§ Goal of the exercise
Every line from the one with "Human Made - Logo-Appliquéd" through the last line below should be repeated exactly; pictures stay out of the copy.

§ Data provided
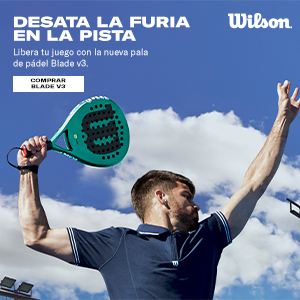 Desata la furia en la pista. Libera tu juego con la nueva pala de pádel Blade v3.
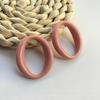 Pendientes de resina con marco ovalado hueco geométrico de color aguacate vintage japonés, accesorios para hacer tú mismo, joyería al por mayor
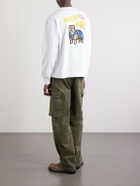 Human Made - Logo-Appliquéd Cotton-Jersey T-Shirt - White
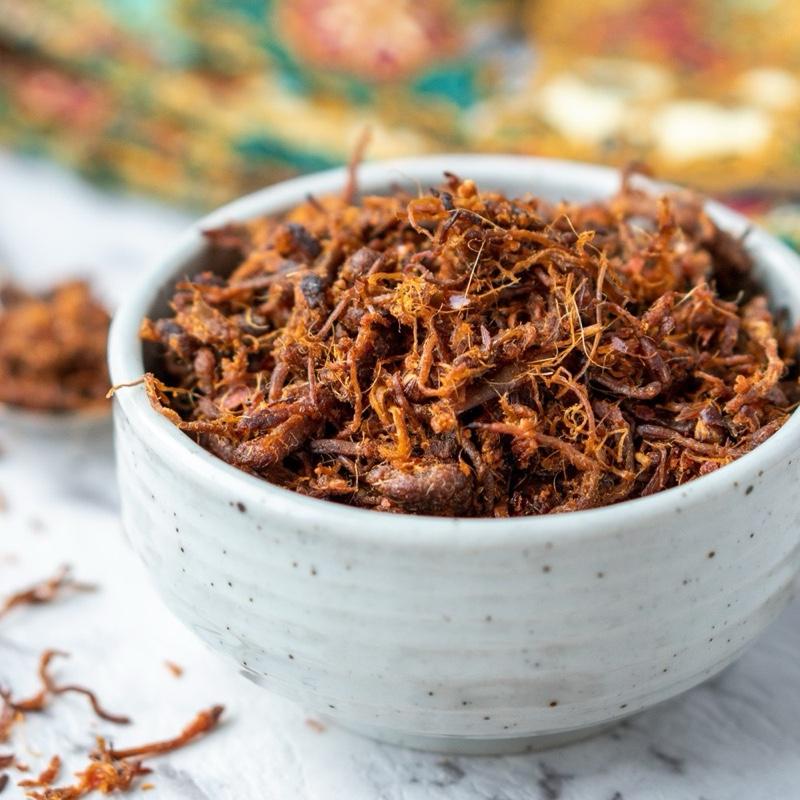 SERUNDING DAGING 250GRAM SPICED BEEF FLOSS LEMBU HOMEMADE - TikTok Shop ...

§ Response
 Human Made - Logo-Appliquéd Cotton-Jersey T-Shirt - White
 SERUNDING DAGING 250GRAM SPICED BEEF FLOSS LEMBU HOMEMADE - TikTok Shop ...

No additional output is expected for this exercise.